CERITA kiper Timnas Indonesia U-20 Aditya Arya akan dibahas di sini. Aditya Arya merupakan kiper pilihan kedua untuk pelatih Shin Tae-yong di Timnas Indonesia U-20, yang baru saja memastikan diri tampil di Uzbekistan tahun depan untuk ajang Piala Asia U-20 2023.

Aditya Arya mendapatkan kesempatan untuk tampil pada pertandingan kedua kontra Hong Kong, setelah Cahya Supriadi mengalami cedera. Pemain kelahiran Desa Sumberpasir, Kecamatan Pakis, Kabupaten Malang itu pun menjadi starter untuk pertandingan penutup kualifikasi kontra Vietnam, dan sukses membantu Garuda Muda menang dengan skor 3-2 serta lolos ke putaran final Piala Asia U-20 2023.

Cahya Supriadi
Cahya Supriadi, kiper yang digantikan Aditya Nugraha

Ditemui di rumahnya Aditya mengaku tak ingin menyia-nyiakan kesempatan usai penjaga gawang utama Cahya Supriadi mengalami cedera. Penjaga gawang yang memperkuat Persebaya Surabaya ini pun berhasil menggagalkan beberapa peluang yang didapat pemain Hong Kong.

Di balik cerita suksesnya mengantarkan Timnas Indonesia U-20 lolos Piala Asia, ternyata pemain bertinggi 183 sentimeter awalnya tak menempati posisi sebagai penjaga gawang semasa kecil. Ya, saat anak-anak Aditya berada di posisi stopper saat memperkuat tim Sekolah Sepakbola (SSB).

“Dulu waktu di SSB (sekolah sepak bola), saya itu jadi pemain biasa, jadi stopper saat itu,” ucap Aditya saat ditemui di rumahnya, pada Kamis (22/9/2022).

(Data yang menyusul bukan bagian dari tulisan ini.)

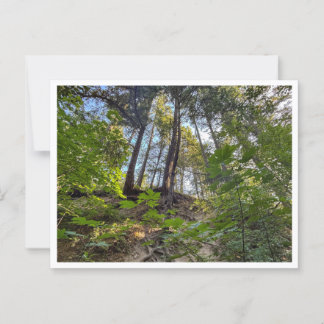 Carte Postale Coteau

Kariernya menjadi pesepakbola muda pun terhitung tak tergolong mulus dan harus bersaing dengan banyak anak muda lainnya untuk menjalani seleksi pendidikan di sekolah sepakbola Malang.

“Kalau dulu aku waktu SD itu ikut di Tumpang FC, ya saat itu saya masih main jadi stopper, lalu pindah ke Porma FC yang di Velodrome (Sawojajar) seingat saya SMP,” kata anak pasangan Imanulah dan Ratih Yufiningrat.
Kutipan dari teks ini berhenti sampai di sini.